2. The front vehicle body structure according to claim 1, characterized in that, There are multiple weakening ribs (1101), and the multiple weakening ribs (1101) are arranged at intervals along the length direction of the longitudinal beam (10).
3. The front vehicle body structure according to claim 1, characterized in that, The longitudinal beam (10) includes: Inner side plate (11), the inner side plate (11) is provided with the weakening rib (1101), the inner side plate (11) is connected to the tower base (20); An outer side plate (12) is connected to the inner side plate (11) and forms a cavity structure. The cross-sectional area of the cavity structure varies along the length of the longitudinal beam (10).
4. The front vehicle body structure according to claim 3, characterized in that, The inner side plate (11) includes: The inner plate body (110) is provided with the weakening rib (1101), and the distance between part of the outer plate (12) and the inner plate body (110) is varied. The first wing plate (111) is disposed on the upper part of the inner plate body (110), the first wing plate (111) is connected to the outer plate (12), and the first wing plate (111) is connected to the tower base (20).
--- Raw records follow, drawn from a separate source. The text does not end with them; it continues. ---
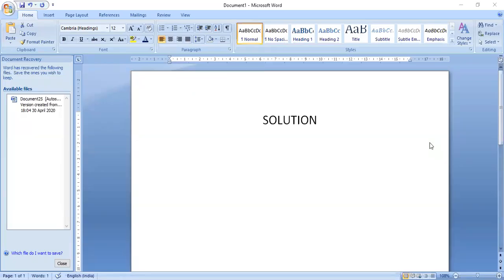Hello friends. Today we will be discussing the second part of the chapter on solution. In this chapter we will be discussing what is an emulsion, the solution of small ions, molecules and macromolecules in water, solubility of solids and gases, and we will also be going through the solubility curve.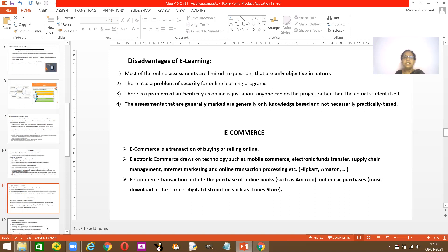Next is e-commerce — nothing but buying and selling products online. It's a transaction done through Flipkart, Amazon, and many other online sellers. Electronic commerce draws on technologies such as mobile commerce, electronic fund transfer, supply chain management, internet marketing, and online transaction processing. Over the phone you do mobile commerce, you transfer electronic funds, and buy products online.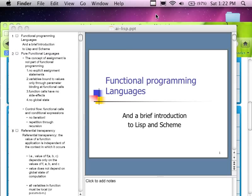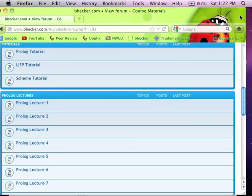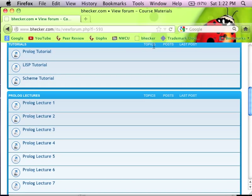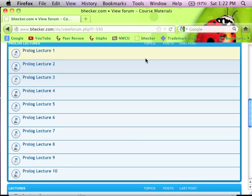Okay everybody, welcome back to day number two. Today's actually not going to be too bad. As a teacher I can say it's not too bad - as a student, that's probably a different perspective. We're going to start in with two programming languages today. The first one is Scheme or Lisp, and the second one is Prolog. We probably won't get to Prolog until tomorrow.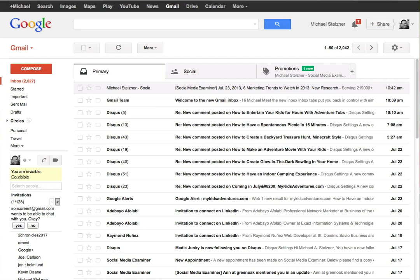Hey there, Mike Stelzner from Social Media Examiner. I want to go over Gmail's tabs and how you can program some of your more valuable content, for example your favorite newsletters, to not get lost in the Promotions tab.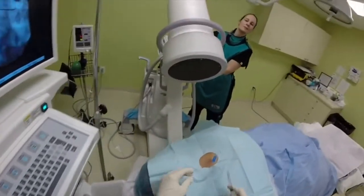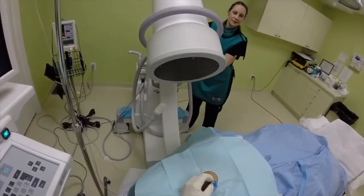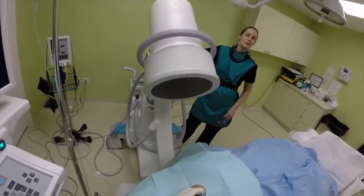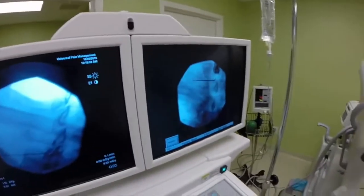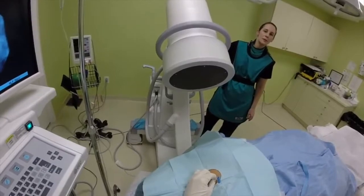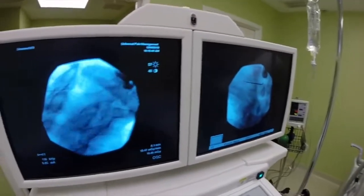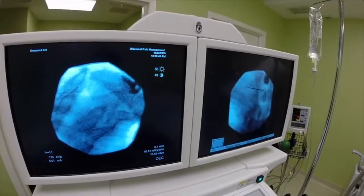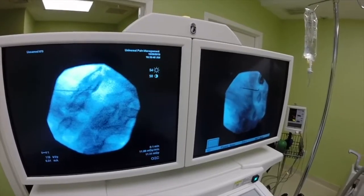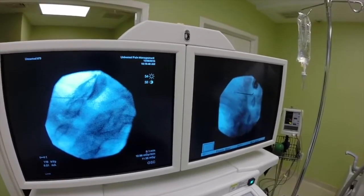For the purpose of this demonstration, I will use pulsed fluoroscopy and I will slowly advance my needle. Now you can see a big difference — you can see the medicine going to the epidural space.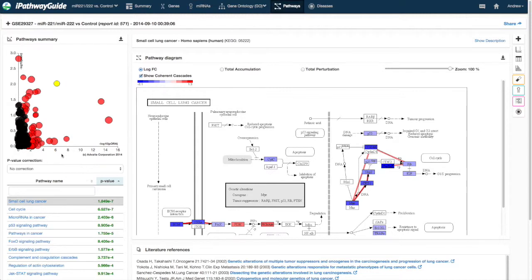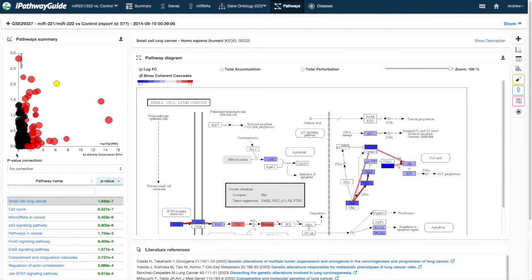The Evidence Plot has two axes representing different orthogonal approaches to scoring the significance of each pathway. The horizontal axis shows the inverse log of the p-value computed using overrepresentation analysis, or ORA.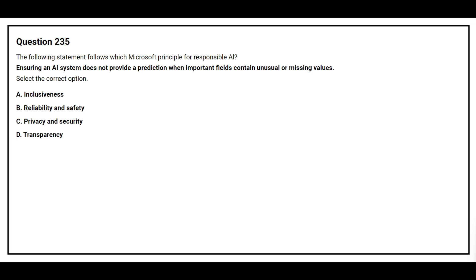Option A: Inclusiveness. Option B: Reliability and Safety. Option C: Privacy and Security. Option D: Transparency. The correct answer is option B: Reliability and Safety.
The second wing plate (112) is disposed at the lower part of the inner plate body (110), the second wing plate (112) is connected to the outer plate (12), and the second wing plate (112) is disposed opposite to the first wing plate (111); The first wing plate (111), the inner plate body (110), the second wing plate (112), and the outer plate (12) are arranged to form the cavity structure.
5. The front vehicle body structure according to claim 4, characterized in that, The inner plate body (110) is provided with a concave rib (1102), the length direction of the concave rib (1102) is arranged along the length direction of the inner plate body (110), and the concave rib (1102) is arranged intersecting with the weakening rib (1101).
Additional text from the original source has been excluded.